Özetle hukuk, toplumsal yaşamda kişi ile kişi ya da kişi ile eşya arasındaki ilişkileri düzenler; hukuk
eşya ile eşya arasında kurulan ilişkiye el atmaz, çünkü eşya hukuk kapsamında ilişkinin öznesi değildir,
dolayısıyla hukukun da hakkın da öznesi olamaz.

Yargı ise hukukun kendisi değildir. Yargı hukukun uzantısı örgütlü bir yapıdır.

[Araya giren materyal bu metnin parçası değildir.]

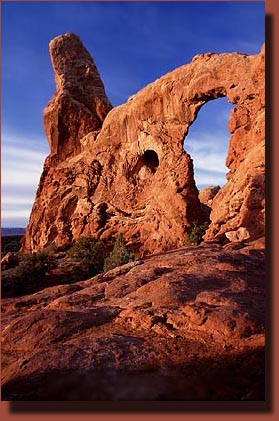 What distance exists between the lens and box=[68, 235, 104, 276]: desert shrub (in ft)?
62.2

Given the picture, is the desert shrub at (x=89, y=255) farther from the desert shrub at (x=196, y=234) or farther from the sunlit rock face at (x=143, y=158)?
the desert shrub at (x=196, y=234)

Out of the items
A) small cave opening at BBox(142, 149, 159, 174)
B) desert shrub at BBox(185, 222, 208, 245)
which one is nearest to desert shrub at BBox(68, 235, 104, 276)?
desert shrub at BBox(185, 222, 208, 245)

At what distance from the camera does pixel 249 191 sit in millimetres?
14711

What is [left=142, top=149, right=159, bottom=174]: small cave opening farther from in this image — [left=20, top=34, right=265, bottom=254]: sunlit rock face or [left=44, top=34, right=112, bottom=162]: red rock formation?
[left=44, top=34, right=112, bottom=162]: red rock formation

Toplumsal yaşamda kurulan ilişkilerde, bu ilişkinin tarafı/tarafları (kişi/kişiler) arasındaki ilişkiyi


düzenleyen kurala aykırılık olduğu ileri sürülürse, ortaya çıkan uyuşmazlığı yargı çözer. Yargılama
faaliyeti uyuşmazlıkta doğruyu/yanlışı saptamaya yönelik değildir. Yargılama faaliyetinin amacı ilişkide
uyuşmazlığın çıktığı anın gerçek halini belirlemek, çözünürlüğü yüksek fotoğrafını çekmek, yani maddi
gerçeğin ne olduğunu saptamaktır. Nasıl ki bilim insanları evrenin sırları dediğimiz maddi gerçekliği
bulabilmek için en sofistike araçları kullanıyorlarsa, yargısal faaliyette de maddi gerçeğe ulaşabilmek
için en etkin ‘deliller’ kullanılır. Bu nedenle, yargının kuruluşunun, yapısının, işleyişinin, yargılama
faaliyetini kimlerin yürüteceğinin ve bunların işlevlerinin, yetkilerinin, uymaları gereken mesleki
davranış kurallarının neler olduğu gibi konuların tasarlanması ve örgütlü olarak kurumsallaştırılması,
sonuçta maddi gerçeğe ulaşılıp uzlaşmazlığın çözülmesi ve delil sistemi apayrı bir sürecin ifadesidir.
Yargı, hukukun kendisi olmasa da içinde yaşadığımız toplumsal yapıda hukukun kaçınılmaz uzantısıdır.
Kısaca, yargı hukuk alanında toplumsal ilişkileri düzenleyen hukuk kuralları ile bağlıdır; hukuk alanının,
hukukun bilimsel düşüncesi dışına çıkamaz. Yani yargı, kendisini hukukun özüymüş gibi bir konuma
yerleştiremez. Bunu söylerken yargının hukukun gelişmesindeki rolünü inkar etmeye kalktığım
sanılmasın. Yargının uzantısı olduğu hukukun gelişmesindeki yaratıcılığı asla göz ardı edilemez.
Söylemek istediğim, yargının hukukun özü olmayıp uzantısı olduğudur ve bu nedenle yargının hukuku
geliştiren yaratıcılığını hukukun bilimsel düşüncesinin ışığında, bu ışığı karartmadan, hukuksal
anlamda bir sanata dönüştürmesi gerektiğidir.